The picture and words from Wikipedia is helpful when I feel really confused by those concepts. display server and DE

enter image description here


The XFCE website has a pretty nice explanation of the components included in the XFCE desktop environment (one of them being a window manager):

Xfce contains a number of core components for the minimum tasks you'd expect from a desktop environment:

Window Manager

Manages the placement of windows on the screen, provides window decorations and manages workspaces or virtual desktops.

Desktop Manager

Sets the background image and provides a root window menu, desktop icons or minimized icons and a windows list.

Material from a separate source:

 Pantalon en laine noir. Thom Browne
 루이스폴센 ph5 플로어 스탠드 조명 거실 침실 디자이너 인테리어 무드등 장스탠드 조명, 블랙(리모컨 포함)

Switch between opened windows, launch applications, switch workspaces and menu plugins to browse applications or directories. Session Manager Controls the login and power management of the desktop and allows you to store multiple login sessions.

Application Finder

Shows the applications installed on your system in categories, so you can quickly find and launch them.

File Manager

Provides the basic file management features and unique utilities like the bulk renamer. Setting Manager Tools to control the various settings of the desktop like keyboard shortcuts, appearance, display settings etcetera.

link: https://www.xfce.org/about


IMHO the Desktop Environment term derives from Window Manager term. As a Desktop Environment is a set of software/tools which builds today's complex visual interface(s) between human being and computer, while Window Manager serves just for creating a simple graphical interface(s) (I remember XWindows on Silicon Graphics station in 1995 :) ).